Additionally, if the designer uses the second row of holes in the array, they must place a solder mask dam between the holes. They must do this on the pad for the smaller board, as this is where the operator will apply the solder paste. This dam will prevent solder from wicking into the second hole.
Fabricating PCBs with Castellated Holes
To ensure high quality and yield, the designer must discuss with the fabricator to allow them to modify the Gerber. They will indicate the drill hits and the required information for plating along the board edge. Using castellated holes may need consideration of the following limitations:
Special drilling/routing fabrication equipment may be required.
Accommodating half-holes may require a larger minimum board thickness (above 1 mm).

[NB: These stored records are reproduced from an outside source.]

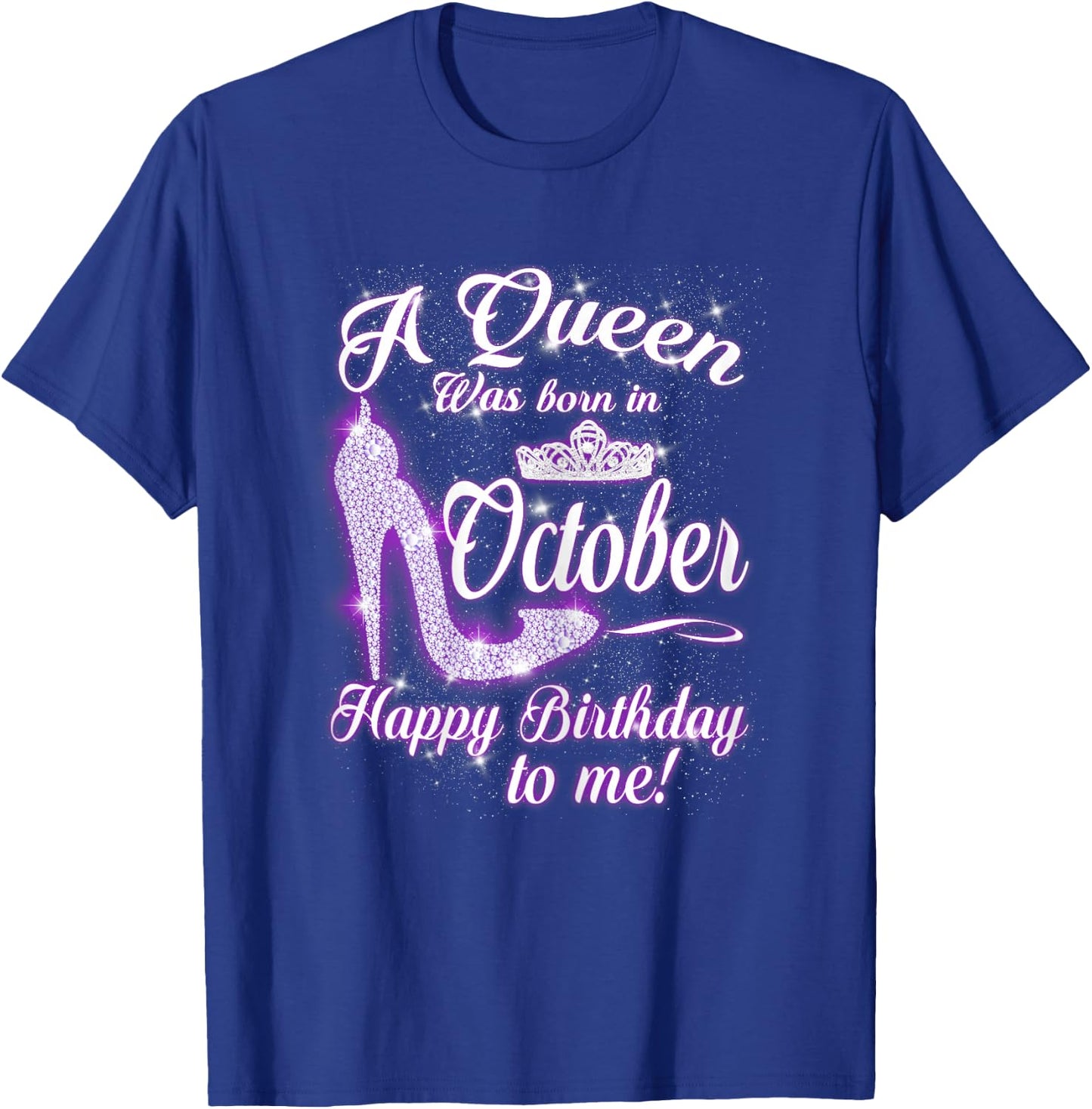 A Queen was Born in October Happy Birthday to Me T-Shirt - T-Shirt | Royal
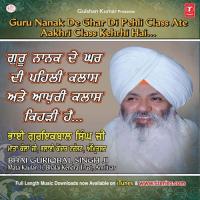 Guru Nanak De Ghar Di Pehli Class Ate Aakhri Class Kedi Hai Bhai Guriqbal Singh (Gu: Mata Kaulan Ji,Amritsar) Song Download Mp3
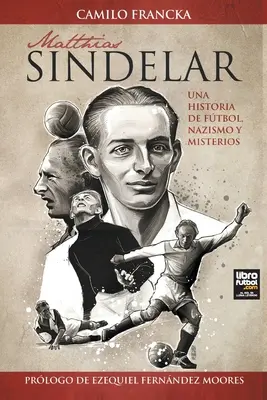 Matthias Sindelar: Sindindar: Una Historia de Ftbol, Nazismo Y Misterios - Matthias Sindelar: Una Historia de Ftbol, Nazismo Y Misterios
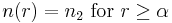 n(r)=n_2 \mathrm{\ for\ } r \ge \alpha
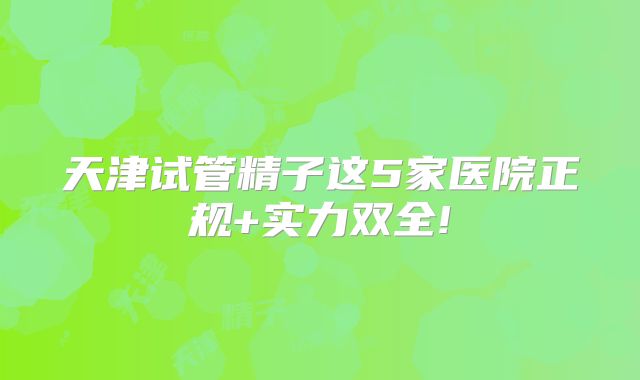 天津试管精子这5家医院正规+实力双全!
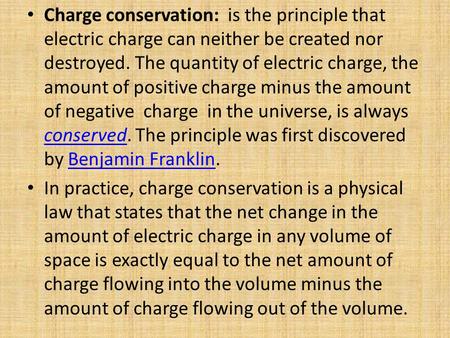 Charge conservation: is the principle that electric charge can neither be created nor destroyed. The quantity of electric charge, the amount of positive.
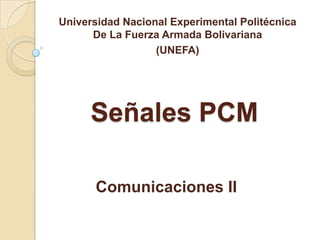 Universidad Nacional Experimental Politécnica De La Fuerza Armada Bolivariana (UNEFA)   Señales PCM ComunicacionesII 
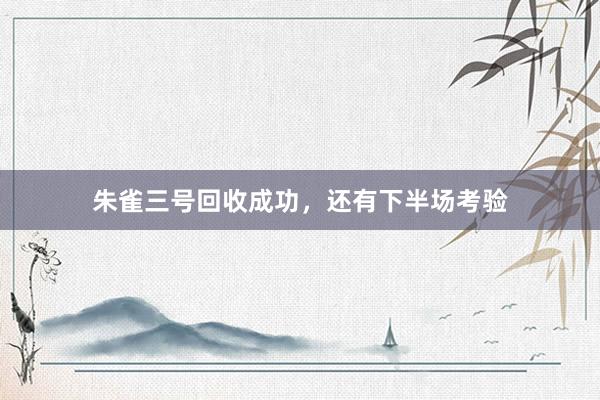 朱雀三号回收成功，还有下半场考验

Maintaining adequate edge webbing strength may require limiting the number of castellated holes possible.
Maintaining mechanical robustness may require edge reinforcements, chamfers, or thickened regions where castellated holes will appear.
Inspection and repair of soldered castellated holes can be challenging.
Temperature cycling may stress connections due to thermal expansion mismatch.
Castellated Hole Manufacturing Challenges
Several manufacturing issues may impact the overall quality and reliability of castellated holes. Some of them are:
Position and Alignment
For limiting the risk of damage during assembly and for proper electrical connection, the castellated holes must be accurately aligned and positioned for both the smaller board and the main board. Designers must check the alignment and positioning of castellated holes to verify they meet the tolerance levels specified.
Subjecting the PCB to high temperatures during the soldering process can cause changes in the PCB geometry, typically known as board warping. This may occur due to the presence of castellated holes. To minimize board warping, designers must use board materials with low CTE or coefficient of thermal expansion and implement appropriate thermal management strategies.
Extra solder creating an unwanted electrical connection between adjacent holes is a frequent issue in the assembly of boards with castellated holes. Designers can prevent this by properly spacing the holes and employing suitable solder mask designs. Moreover, the assembly process must include appropriate soldering equipment and techniques, along with suitable quality control measures.
According to Rush PCB Inc., using castellated holes results in innovative, effective, and reliable electronic products. The benefits of castellated holes in the form of indentations and plated half-holes along the edges of a PCB make them an essential tool for designers. However, castellated holes need careful attention to design considerations and the associated fabrication challenges.